MEMORIA DE UNA RESIDENCIA

La memoria es una cartografía de nosotros mismos que se dibuja en un papel muy frágil. Nos pertenece. Nos hace únicos. Nos diferencia del otro por lo que podemos recordar o por lo que no podemos retener. Nos iguala por los instantes grabados que compartimos. Este acto de compartir se acrecienta en lugares donde los límites entre lo público y lo privado se confunden. Lugares vividos y recordados donde cada una de sus piedras conserva un trocito de tiempo, de heridas de memoria sin cicatrizar a pesar del olvido. Reflejo de lo que fuimos y somos y que presenta que queremos ser. Este lugar de la memoria se llama iglesia de San Lorenzo.
Sólo se puede respirar en San Lorenzo el mismo aire que respiran los muros, las piedras, los restos de un pasado muy presente. Abrir para mostrar, aprender y comprender. Adentrarme en los más profundo de una cripta para palpar un pedazo de tiempo que se desliza entre mis dedos con la soltura de un pincel preparado para dar sus primeros trazos. Sacar ese pedazo de la oscuridad para darle luz. Descubrir en él una policromía bellísima realizada por el corrosivo y paciente paso del tiempo. Hacerlo convivir junto con el óleo que da color a mi lienzo. Escuchar el murmullo de unas piedras que gritan calladas las tropelías y las bondades de nuestra historia. El arte desprende una luz delicada. Es la máxima expresión y capacidad que tiene el ser humano para ser humano. Destruirlo o dañarlo nos lanza apresuradamente a las tinieblas de la sinrazón. Nuestra obligación es que siga figurando y no dejar que penetre en él el olvido. Todo esto danza alrededor de mi estudio, de mi lugar de trabajo y reflexión de junio de 2018.
Mudé mi taller durante treinta días desde Gante a la capilla-altar de los Serrano y a la sacristía alta de la iglesia de San Lorenzo. Treinta días cargados de encuentros y reencuentros. Encuentros con la memoria de los objetos, con la fragilidad del arte, con las personas que se posicionan para proteger este lugar inmaterial. Y por supuesto, un encuentro con un lugar que no me pertenecía pero que nunca más saldrá de mi vida. Reencuentros con el barrio donde aprendí por primera vez en qué consistía esto del arte. Reencuentros con formas de vivir que me parecían tan lejanas. Sonidos que fueron parte de mí y que han vuelto a surgir. Gentes que entraban y salían y no alcanzaba a reconocer sus identidades pero si su memoria.

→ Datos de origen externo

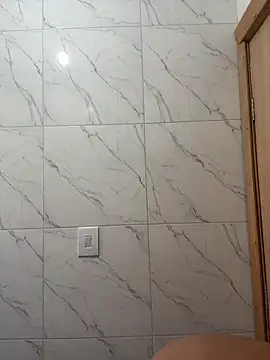 Snapshot of Chloe_Leaozinho chatting on 11/08/25, 05:01 Chloe Leaozinho online show from 11/08/25, 05:01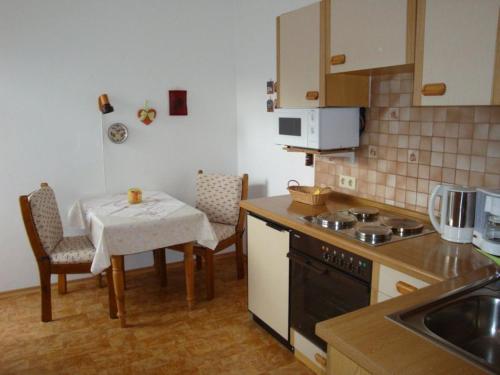 Kuchyň nebo kuchyňský kout v ubytování Ferienwohnung Keckl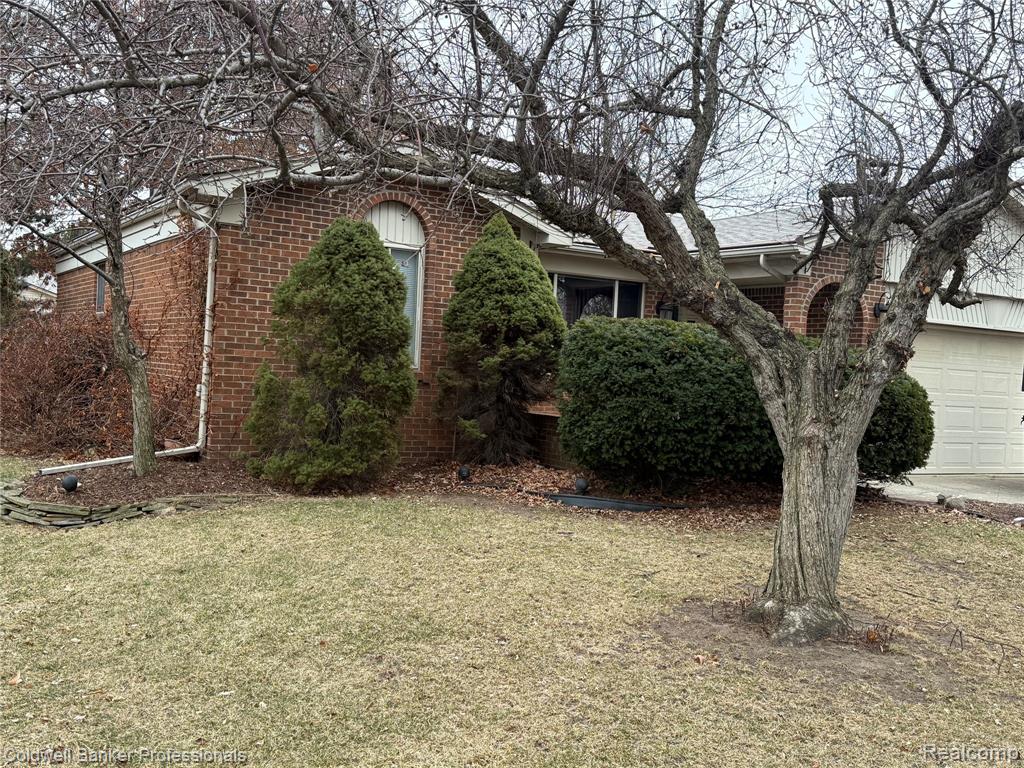47071 Savannah Drive, Macomb, MI 48044 — Photo 2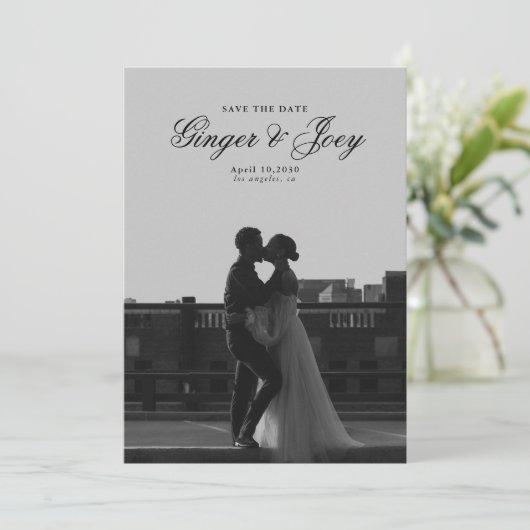 Modern Minimalistisch Script Bruiloft Sla de datum Kaart (Staand voorkant)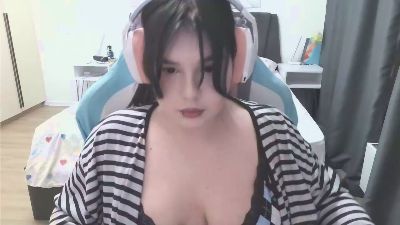 BambiTison live cam on Cam4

Gentes que compartieron y comparten voz conmigo y con los que han formado parte de lo que soy. Gentes que en su deambular diario por las calles de este vetusto barrio, hacen parada religiosa en las puertas de la casa del barrio. Una casa que estuvo cerrada demasiado tiempo y que debe quedar abierta para siempre.
Lo más difícil es elegir. Es de osados intentar atrapar un trocito de memoria en un lugar que rebosa de ésta. O ocultar con el título ‘Lo que queda’ mi pretensión de mostrar lo que ya no está. No dejarte embriagar por la sedosa fragancia de misterio de San Lorenzo, resultado de su azarosa estética, parece una tarea compleja. El mayor reto era fijar la mirada en un trozo en blanco de papel mientras detrás de mí se llevaba a cabo la representación del tiempo y de la luz con la banda sonora del silencio. Mirar hacia atrás y ver como en cada momento del día un relieve, una hornacina o una pintura al fresco casi imperceptible por su deterioro se bañaba de un rayo caprichoso de luz, era una tentación casi irreprochable. La luz es caprichosa y el tiempo es ese impostor que te hace creer en la rutina de los días mientras que los instantes que merecen la pena se desvanecen como ese rayo de luz tapado por un nublo despistado. San Lorenzo es de esos lugares donde se te invita a parar, a reposar, a respirar y aprender a mirar. Allí todo se detiene mientras que el mundo en el que vivimos no para de vibrar. Lugares como la iglesia San Lorenzo, mi estudio de los treinta días de junio de 2018 son más necesarios que nunca. Lugares en los que están trazados los recorridos frágiles de la memoria y donde se traza la cartografía a recorrer a partir de lo que queda. Mi memoria de una residencia que nunca olvidaré.